When a user logs into their account password hashing follows this process:
- The user enters their login credentials (username and password).
- The hashing function turns the password into a hash.
- The generated hash is compared to the hash kept in a database.
- Access is granted if both the stored hash and generated hash match up. A login error is presented if these values don’t match up.
Algorithms such as SHA-256, Bcrypt, and Argon2 commonly use the process of hashing, open in combination with additional security protocols (like password salting).
Password hashing is a means of protecting users’ passwords from getting into the hands of hackers. However, password hashing isn’t risk-free. In this method, passwords are transformed into a predictable and consistent pattern which can be attacked using dictionary, brute-force, or rainbow table attacks.
Password salting is used to provide an additional layer of security and protection. It involves adding random characters to passwords before the hashing function is used. This ensures the original password is transformed differently each time the hash function is used.

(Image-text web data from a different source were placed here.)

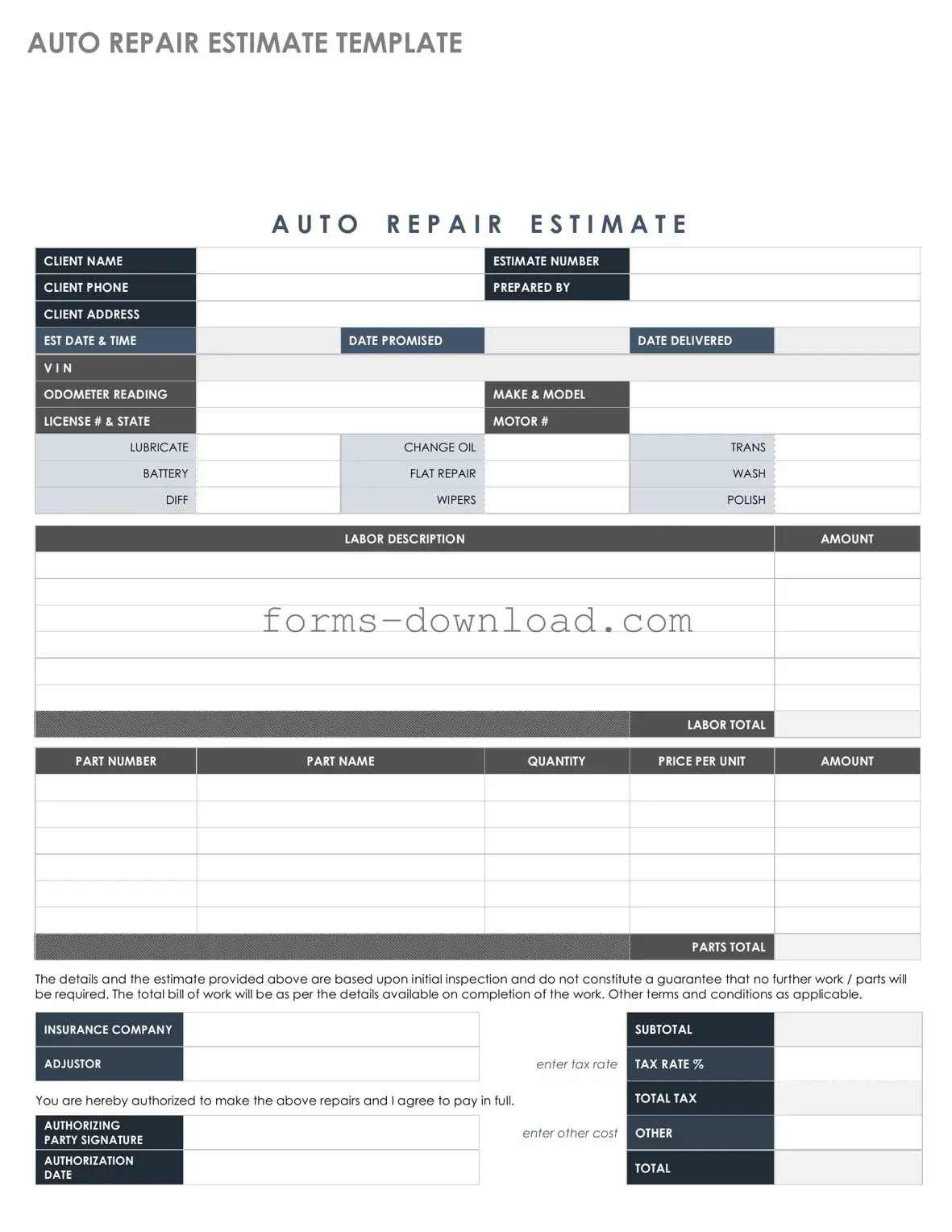 Blank Auto Repair Estimate Form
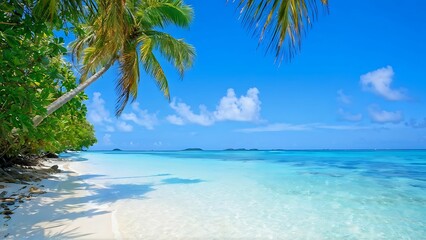 Lush tropical island with white sandy beach and sparkling clear waters under bright blue sky_070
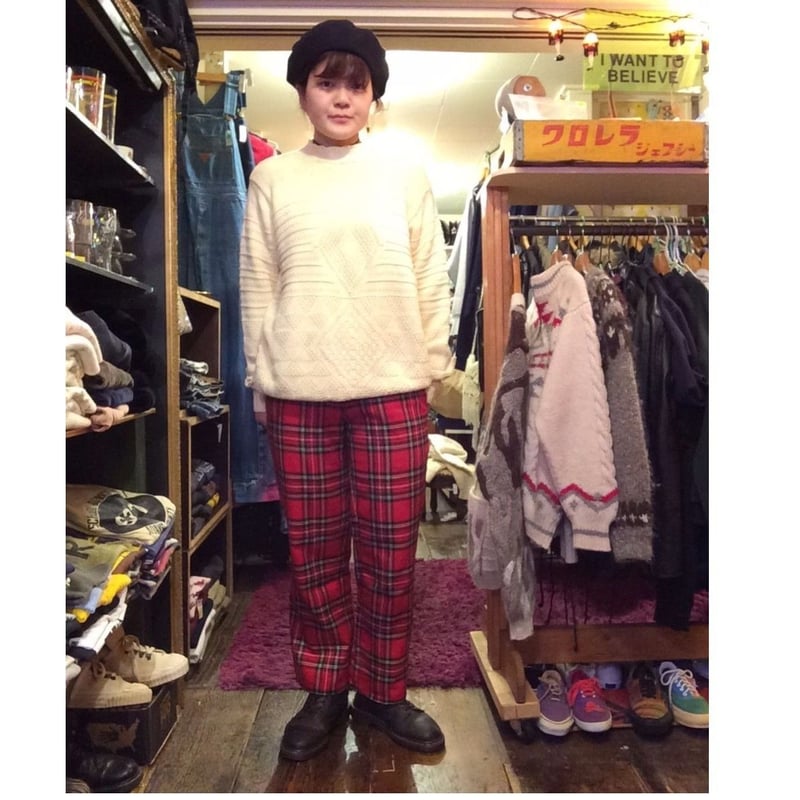 USED] 赤いタータンチェック柄パンツ | garden730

Here are the core types of attacks that password salting can effectively safeguard against.
Brute-force attacks occur when hackers attempt to guess every possible password combination. Hackers then run these combinations through a hashing algorithm until a match is discovered and they can guess the password in its original form.
Password salting protects against brute-force attacks because salting adds unique hashes for each password, meaning the attacker can’t guess the original passwords.
Dictionary attacks are the next level up from brute-force attacks. In this type of attack, hackers attempt to guess passwords using the most common password character and word compositions, (a.k.a a password dictionary).
Hackers use a pre-established word list, comparing them to hashes from a stolen password table which contains every hash on the list to break into a system. Salting makes this process for hackers increasingly difficult, with the addition of random elements that can’t be easily guessed.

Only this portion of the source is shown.